Pictures with short captions

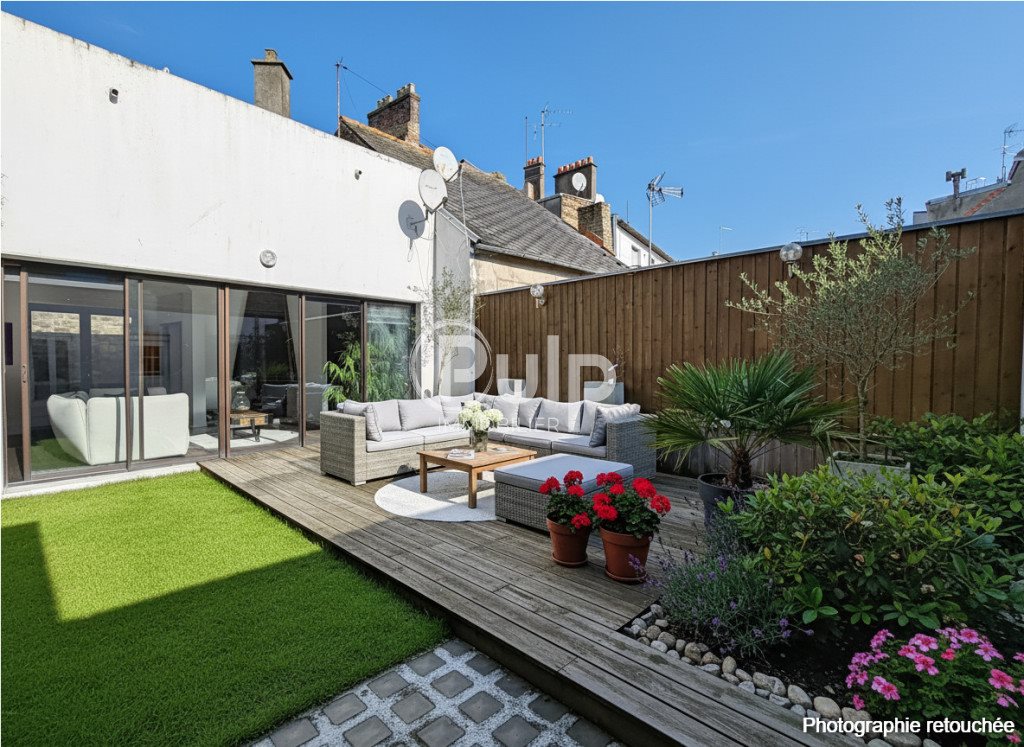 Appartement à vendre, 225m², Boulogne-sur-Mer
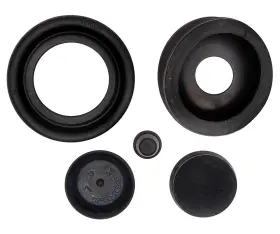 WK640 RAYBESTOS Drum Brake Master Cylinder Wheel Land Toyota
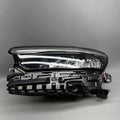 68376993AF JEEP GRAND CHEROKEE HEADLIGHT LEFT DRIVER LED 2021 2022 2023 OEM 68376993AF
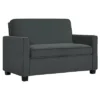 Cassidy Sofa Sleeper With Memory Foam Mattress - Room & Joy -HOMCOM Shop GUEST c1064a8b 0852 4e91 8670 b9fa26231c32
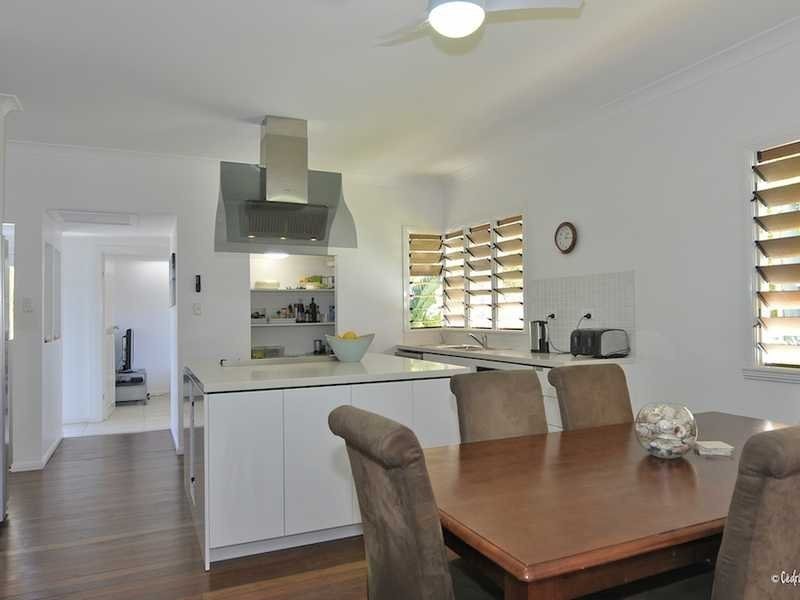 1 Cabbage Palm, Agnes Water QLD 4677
---
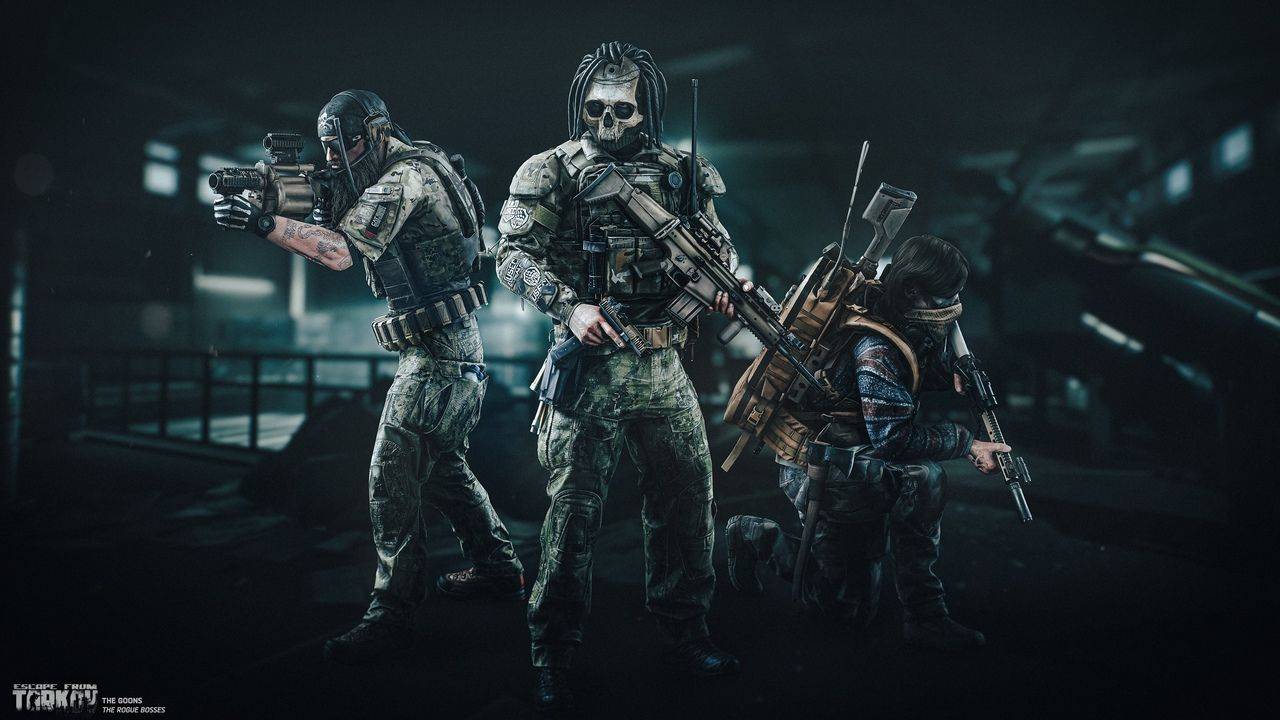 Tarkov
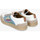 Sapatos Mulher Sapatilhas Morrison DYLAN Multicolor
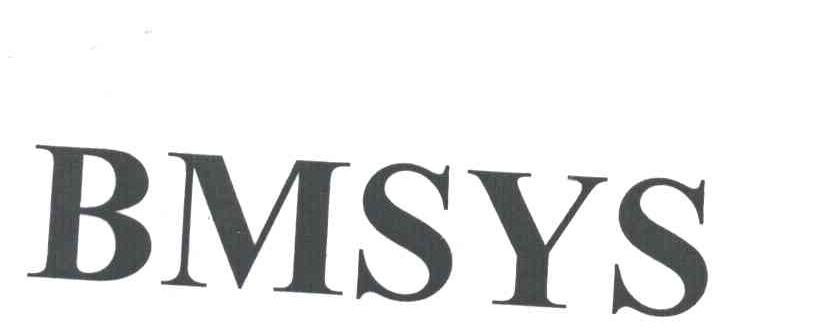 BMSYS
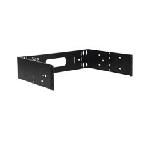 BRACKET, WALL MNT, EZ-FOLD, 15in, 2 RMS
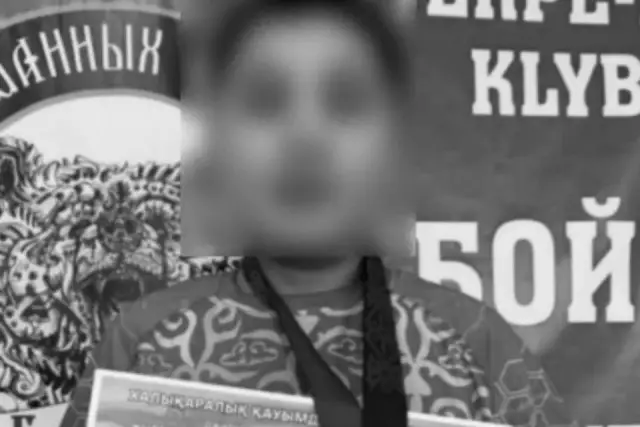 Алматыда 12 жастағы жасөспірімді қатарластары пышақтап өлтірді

**DIRECTIONS FOR THIS TASK:**
No picture is to be printed. Output exactly the lines above from the line containing "Sapatos Mulher Sapatilhas" through the line containing "Алматыда 12 жастағы".

**EXERCISE SOLUTION:**
 Sapatos Mulher Sapatilhas Morrison DYLAN Multicolor
 BMSYS
 BRACKET, WALL MNT, EZ-FOLD, 15in, 2 RMS
 Алматыда 12 жастағы жасөспірімді қатарластары пышақтап өлтірді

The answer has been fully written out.